Records for this task:
========

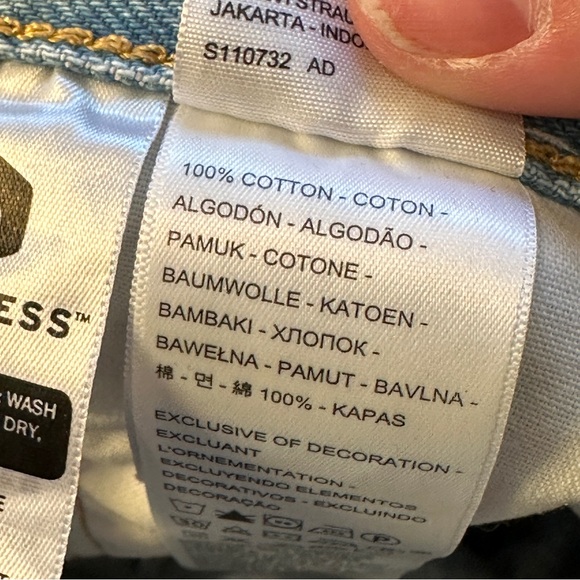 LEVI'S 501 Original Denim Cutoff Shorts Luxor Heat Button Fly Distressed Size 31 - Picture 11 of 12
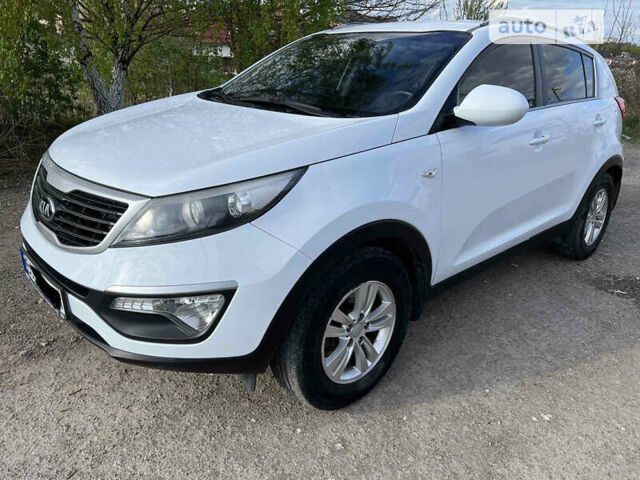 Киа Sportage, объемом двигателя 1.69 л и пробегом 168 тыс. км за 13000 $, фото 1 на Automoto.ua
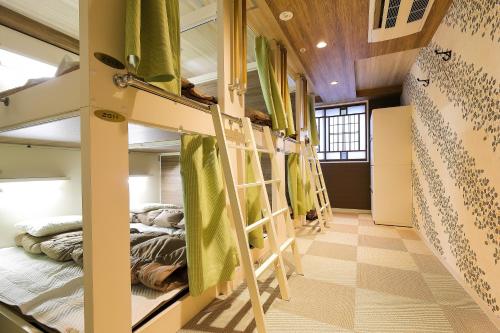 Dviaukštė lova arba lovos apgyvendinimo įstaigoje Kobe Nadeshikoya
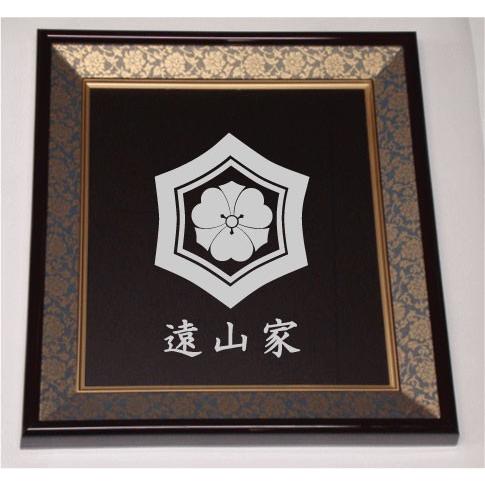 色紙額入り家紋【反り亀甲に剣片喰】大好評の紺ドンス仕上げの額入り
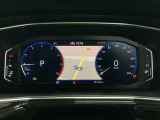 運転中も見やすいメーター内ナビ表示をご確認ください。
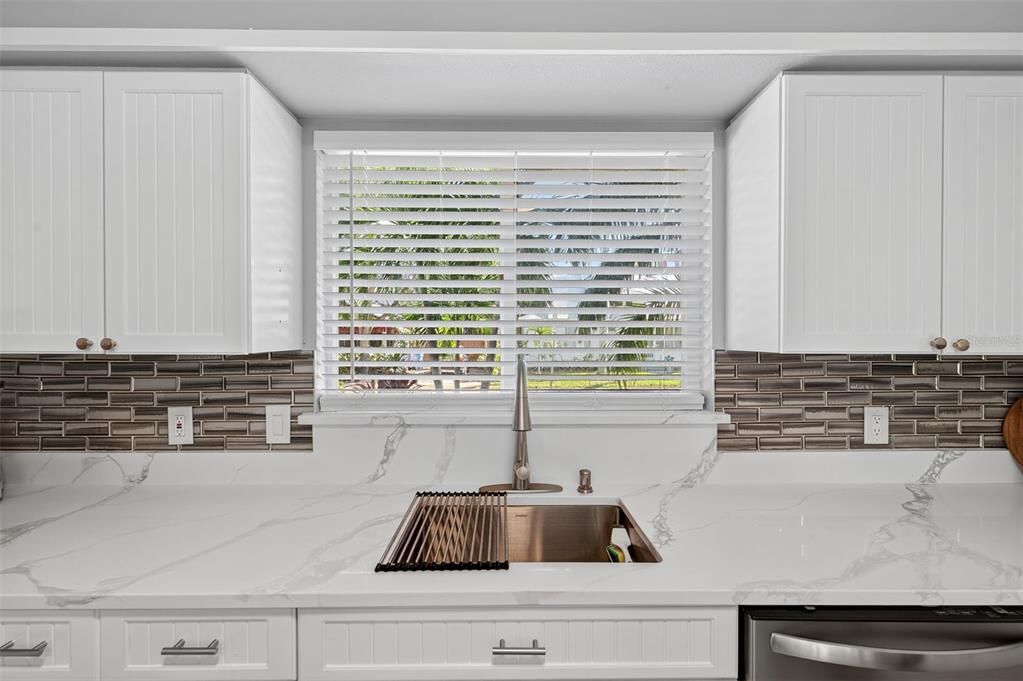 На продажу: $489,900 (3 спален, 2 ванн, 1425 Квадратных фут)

========

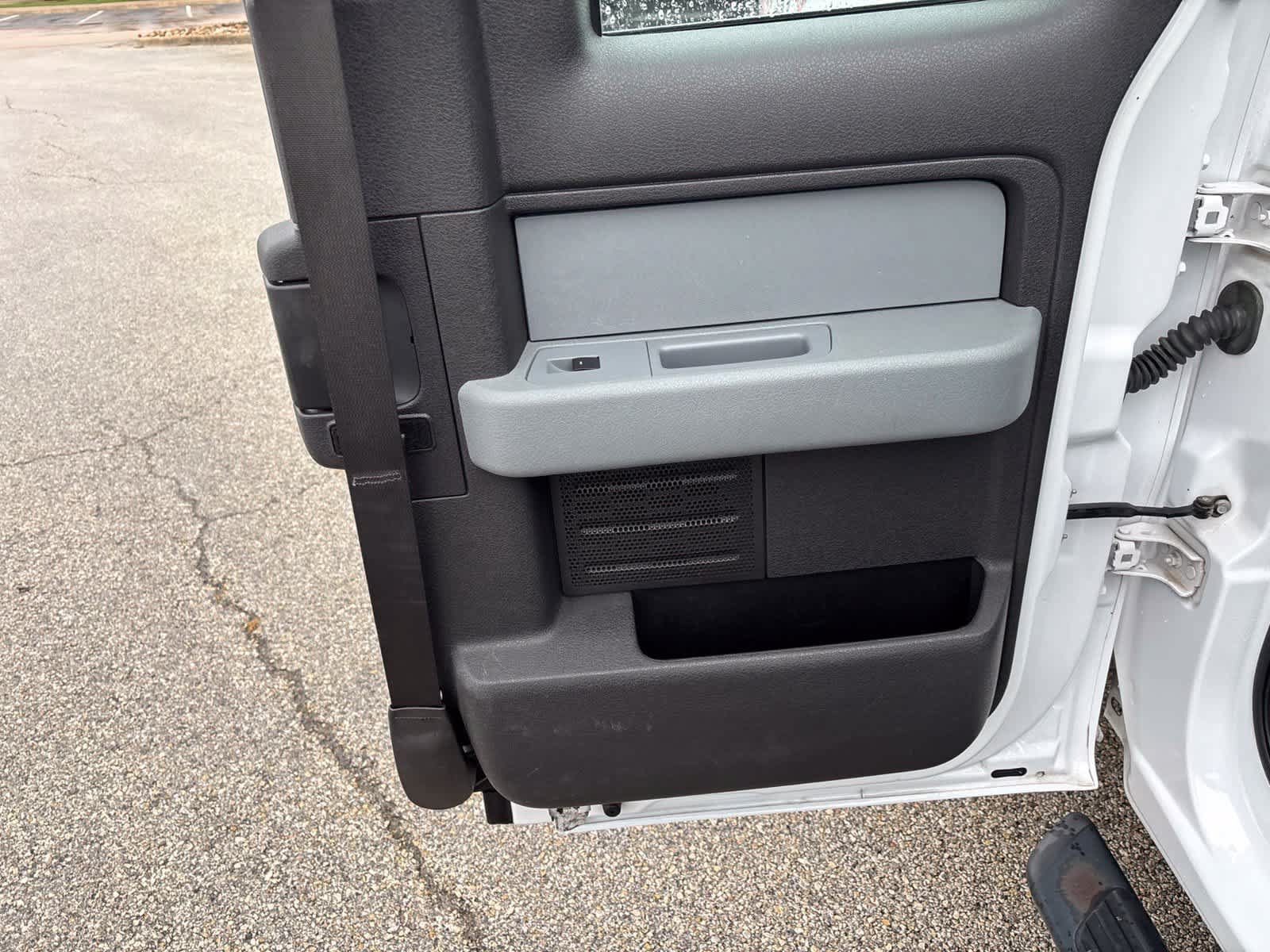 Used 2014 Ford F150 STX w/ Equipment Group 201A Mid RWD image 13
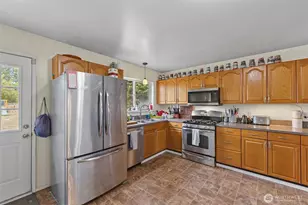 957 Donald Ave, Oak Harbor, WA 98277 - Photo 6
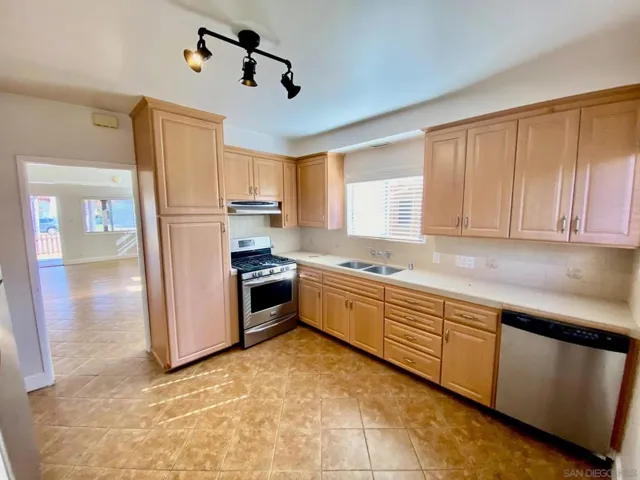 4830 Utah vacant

========

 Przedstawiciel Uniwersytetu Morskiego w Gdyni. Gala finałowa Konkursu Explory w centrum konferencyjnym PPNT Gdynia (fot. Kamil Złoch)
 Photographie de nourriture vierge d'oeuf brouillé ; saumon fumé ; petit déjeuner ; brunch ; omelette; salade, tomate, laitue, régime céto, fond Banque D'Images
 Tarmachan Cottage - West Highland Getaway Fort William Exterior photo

========

Exercise brief: Using the entries above, reproduce word for word only the lines from the one that contains "LEVI'S 501 Original" to the one that contains "На продажу: $489,900", both ends included, and drop every picture.

Response below:
 LEVI'S 501 Original Denim Cutoff Shorts Luxor Heat Button Fly Distressed Size 31 - Picture 11 of 12
 Киа Sportage, объемом двигателя 1.69 л и пробегом 168 тыс. км за 13000 $, фото 1 на Automoto.ua
 Dviaukštė lova arba lovos apgyvendinimo įstaigoje Kobe Nadeshikoya
 色紙額入り家紋【反り亀甲に剣片喰】大好評の紺ドンス仕上げの額入り
 運転中も見やすいメーター内ナビ表示をご確認ください。
 На продажу: $489,900 (3 спален, 2 ванн, 1425 Квадратных фут)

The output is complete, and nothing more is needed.